## [Assignment]
Every line of the data below should be repeated exactly, and no picture should be copied.

*** Dataset extract Section Begins ***

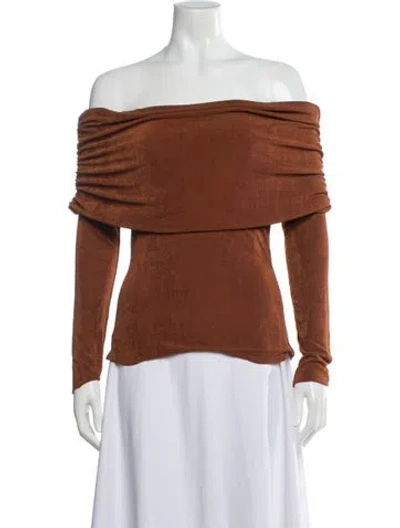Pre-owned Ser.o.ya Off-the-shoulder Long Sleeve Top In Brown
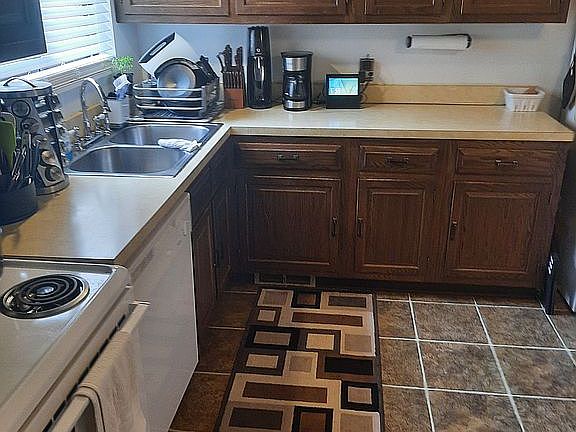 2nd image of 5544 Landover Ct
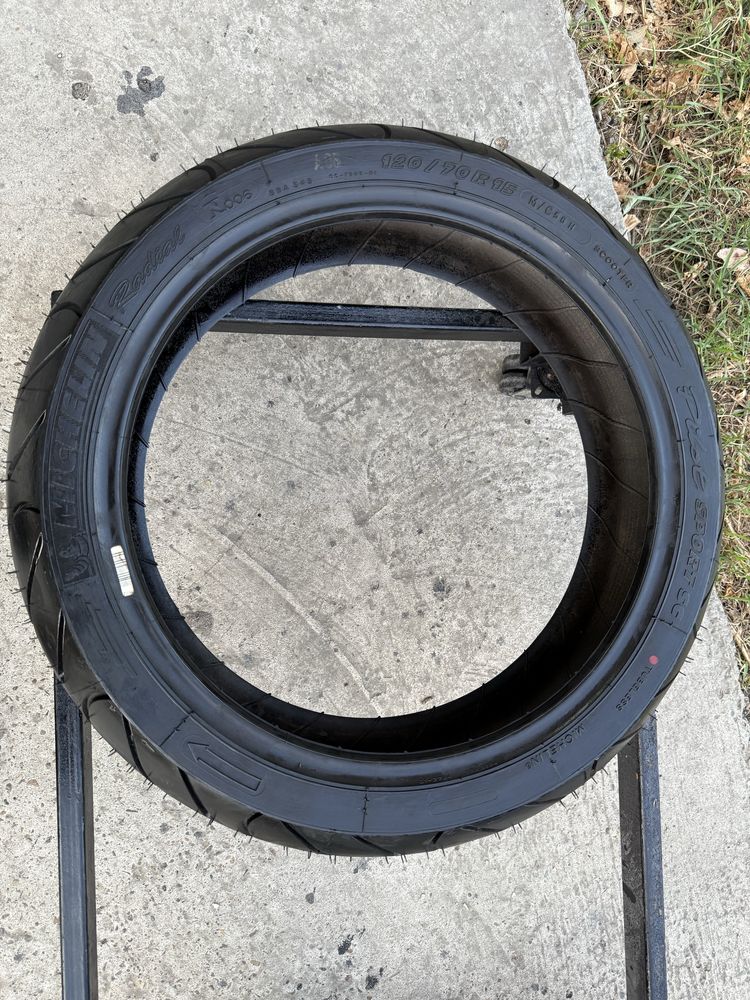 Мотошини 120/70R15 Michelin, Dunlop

*** Dataset extract Section Ends ***

## [Solution]
Pre-owned Ser.o.ya Off-the-shoulder Long Sleeve Top In Brown
 2nd image of 5544 Landover Ct
 Мотошини 120/70R15 Michelin, Dunlop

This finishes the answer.